§ **Material for this exercise**:
Content starts

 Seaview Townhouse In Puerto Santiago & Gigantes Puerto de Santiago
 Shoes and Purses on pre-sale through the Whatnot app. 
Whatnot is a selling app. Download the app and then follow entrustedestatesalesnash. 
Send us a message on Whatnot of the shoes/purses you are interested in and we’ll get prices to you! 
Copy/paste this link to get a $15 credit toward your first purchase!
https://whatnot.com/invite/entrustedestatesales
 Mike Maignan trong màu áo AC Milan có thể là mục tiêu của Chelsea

Content ends
Content starts

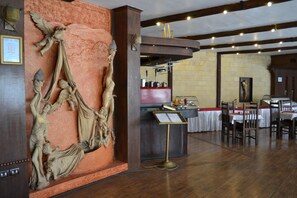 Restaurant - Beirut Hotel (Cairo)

Content ends

§ **Work to complete**: Look back at the entries above. Retype the line with "Shoes and Purses", the line with "Mike Maignan trong", and all lines in between.

§ **Reply**:
 Shoes and Purses on pre-sale through the Whatnot app. 
Whatnot is a selling app. Download the app and then follow entrustedestatesalesnash. 
Send us a message on Whatnot of the shoes/purses you are interested in and we’ll get prices to you! 
Copy/paste this link to get a $15 credit toward your first purchase!
https://whatnot.com/invite/entrustedestatesales
 Mike Maignan trong màu áo AC Milan có thể là mục tiêu của Chelsea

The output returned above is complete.